# Dataset records:
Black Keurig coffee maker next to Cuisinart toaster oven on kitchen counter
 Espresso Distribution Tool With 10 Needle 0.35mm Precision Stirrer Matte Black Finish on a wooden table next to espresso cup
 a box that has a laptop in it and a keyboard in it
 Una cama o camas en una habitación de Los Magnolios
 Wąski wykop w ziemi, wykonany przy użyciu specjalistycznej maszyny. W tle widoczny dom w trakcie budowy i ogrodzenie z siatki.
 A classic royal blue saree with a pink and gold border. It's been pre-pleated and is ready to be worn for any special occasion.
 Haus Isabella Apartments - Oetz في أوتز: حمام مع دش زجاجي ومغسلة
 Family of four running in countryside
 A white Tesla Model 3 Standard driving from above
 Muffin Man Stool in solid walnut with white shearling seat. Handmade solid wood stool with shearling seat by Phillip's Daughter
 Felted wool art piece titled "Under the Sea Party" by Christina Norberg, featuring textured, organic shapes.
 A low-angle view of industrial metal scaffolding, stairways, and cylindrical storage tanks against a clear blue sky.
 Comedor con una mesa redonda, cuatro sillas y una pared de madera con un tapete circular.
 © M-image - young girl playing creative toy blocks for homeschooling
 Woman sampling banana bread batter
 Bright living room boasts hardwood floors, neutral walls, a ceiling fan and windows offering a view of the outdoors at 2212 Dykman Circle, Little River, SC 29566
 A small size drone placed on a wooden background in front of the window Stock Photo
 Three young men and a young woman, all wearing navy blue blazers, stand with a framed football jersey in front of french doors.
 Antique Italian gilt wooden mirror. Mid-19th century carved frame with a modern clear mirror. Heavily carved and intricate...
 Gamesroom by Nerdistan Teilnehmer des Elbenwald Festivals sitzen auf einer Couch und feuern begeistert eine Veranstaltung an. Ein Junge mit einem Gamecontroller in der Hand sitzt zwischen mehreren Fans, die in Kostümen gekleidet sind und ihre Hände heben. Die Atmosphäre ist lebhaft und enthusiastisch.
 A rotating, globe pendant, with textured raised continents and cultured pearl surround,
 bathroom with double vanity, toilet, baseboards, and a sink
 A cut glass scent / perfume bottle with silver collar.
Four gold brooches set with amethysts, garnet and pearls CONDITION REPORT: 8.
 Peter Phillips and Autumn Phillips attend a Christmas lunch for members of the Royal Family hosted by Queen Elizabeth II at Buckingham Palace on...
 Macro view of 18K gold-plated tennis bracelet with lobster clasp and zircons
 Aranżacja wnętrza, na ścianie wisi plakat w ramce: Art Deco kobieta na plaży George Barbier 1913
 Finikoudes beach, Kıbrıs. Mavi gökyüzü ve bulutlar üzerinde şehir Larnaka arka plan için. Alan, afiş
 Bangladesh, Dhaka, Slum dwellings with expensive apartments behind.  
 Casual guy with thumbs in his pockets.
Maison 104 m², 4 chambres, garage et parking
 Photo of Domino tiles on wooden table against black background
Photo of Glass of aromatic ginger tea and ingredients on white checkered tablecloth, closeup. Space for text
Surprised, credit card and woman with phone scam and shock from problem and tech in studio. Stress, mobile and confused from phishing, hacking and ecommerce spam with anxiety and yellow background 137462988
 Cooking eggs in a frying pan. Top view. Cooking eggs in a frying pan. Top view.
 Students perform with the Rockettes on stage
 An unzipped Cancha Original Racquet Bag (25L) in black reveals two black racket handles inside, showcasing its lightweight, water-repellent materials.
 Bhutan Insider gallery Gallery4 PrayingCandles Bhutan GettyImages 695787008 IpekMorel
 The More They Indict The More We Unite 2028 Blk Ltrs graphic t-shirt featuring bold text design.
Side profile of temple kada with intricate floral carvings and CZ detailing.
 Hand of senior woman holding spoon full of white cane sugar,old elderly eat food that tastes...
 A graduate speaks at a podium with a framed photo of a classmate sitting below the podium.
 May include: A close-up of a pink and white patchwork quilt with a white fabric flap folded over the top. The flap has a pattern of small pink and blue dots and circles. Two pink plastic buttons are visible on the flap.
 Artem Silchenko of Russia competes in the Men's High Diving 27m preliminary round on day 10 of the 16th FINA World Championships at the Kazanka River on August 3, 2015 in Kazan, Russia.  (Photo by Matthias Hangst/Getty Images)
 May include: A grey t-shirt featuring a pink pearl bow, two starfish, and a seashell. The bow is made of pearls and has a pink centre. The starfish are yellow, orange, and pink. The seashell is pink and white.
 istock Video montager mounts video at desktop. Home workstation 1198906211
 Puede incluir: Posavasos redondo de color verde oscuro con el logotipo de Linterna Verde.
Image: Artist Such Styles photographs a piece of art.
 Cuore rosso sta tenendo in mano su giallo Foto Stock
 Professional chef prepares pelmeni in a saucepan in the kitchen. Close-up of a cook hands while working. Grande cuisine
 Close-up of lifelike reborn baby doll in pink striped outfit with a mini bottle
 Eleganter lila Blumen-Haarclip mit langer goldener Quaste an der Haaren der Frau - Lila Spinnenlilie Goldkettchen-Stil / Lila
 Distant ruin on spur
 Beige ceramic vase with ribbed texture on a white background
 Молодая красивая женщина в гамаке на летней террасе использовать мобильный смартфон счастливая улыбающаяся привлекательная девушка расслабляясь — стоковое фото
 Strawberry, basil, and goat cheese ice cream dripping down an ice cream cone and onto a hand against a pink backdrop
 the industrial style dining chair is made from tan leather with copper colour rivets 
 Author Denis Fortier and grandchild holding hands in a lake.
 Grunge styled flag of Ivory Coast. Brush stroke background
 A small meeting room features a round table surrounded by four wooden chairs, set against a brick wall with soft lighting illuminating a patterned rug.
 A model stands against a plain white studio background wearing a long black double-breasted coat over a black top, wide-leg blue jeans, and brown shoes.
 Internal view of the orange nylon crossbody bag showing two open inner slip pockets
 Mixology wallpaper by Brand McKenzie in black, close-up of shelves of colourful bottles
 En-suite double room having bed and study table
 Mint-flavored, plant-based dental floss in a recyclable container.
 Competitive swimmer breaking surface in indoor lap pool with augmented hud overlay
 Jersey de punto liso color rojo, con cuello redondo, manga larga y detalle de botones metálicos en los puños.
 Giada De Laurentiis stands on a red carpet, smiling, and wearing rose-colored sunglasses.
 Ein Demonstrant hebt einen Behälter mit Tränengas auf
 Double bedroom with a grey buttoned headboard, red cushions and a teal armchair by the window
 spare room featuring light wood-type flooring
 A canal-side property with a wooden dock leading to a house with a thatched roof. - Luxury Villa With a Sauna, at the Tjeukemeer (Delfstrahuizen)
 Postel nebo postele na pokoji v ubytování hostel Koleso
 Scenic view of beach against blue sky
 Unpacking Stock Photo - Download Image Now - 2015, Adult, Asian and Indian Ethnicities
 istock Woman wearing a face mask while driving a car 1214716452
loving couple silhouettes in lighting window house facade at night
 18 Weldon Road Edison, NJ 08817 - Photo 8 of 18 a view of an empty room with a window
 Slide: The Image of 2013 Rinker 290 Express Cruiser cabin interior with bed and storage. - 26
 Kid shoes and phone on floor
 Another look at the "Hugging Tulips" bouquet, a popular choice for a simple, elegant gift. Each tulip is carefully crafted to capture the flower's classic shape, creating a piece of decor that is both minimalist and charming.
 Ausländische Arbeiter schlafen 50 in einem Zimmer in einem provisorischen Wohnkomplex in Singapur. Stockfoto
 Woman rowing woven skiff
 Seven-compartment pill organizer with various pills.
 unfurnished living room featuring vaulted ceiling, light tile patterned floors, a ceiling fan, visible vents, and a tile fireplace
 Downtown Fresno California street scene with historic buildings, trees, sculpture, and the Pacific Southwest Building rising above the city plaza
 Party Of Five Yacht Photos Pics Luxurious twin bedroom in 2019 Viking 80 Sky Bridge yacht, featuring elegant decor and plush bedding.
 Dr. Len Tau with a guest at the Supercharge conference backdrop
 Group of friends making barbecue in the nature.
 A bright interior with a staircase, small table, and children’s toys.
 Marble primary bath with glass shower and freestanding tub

# Task requirements:
Among the entries, find each line that includes the string "einem" and copy it.

# Reply:
 Gamesroom by Nerdistan Teilnehmer des Elbenwald Festivals sitzen auf einer Couch und feuern begeistert eine Veranstaltung an. Ein Junge mit einem Gamecontroller in der Hand sitzt zwischen mehreren Fans, die in Kostümen gekleidet sind und ihre Hände heben. Die Atmosphäre ist lebhaft und enthusiastisch.
 Ausländische Arbeiter schlafen 50 in einem Zimmer in einem provisorischen Wohnkomplex in Singapur. Stockfoto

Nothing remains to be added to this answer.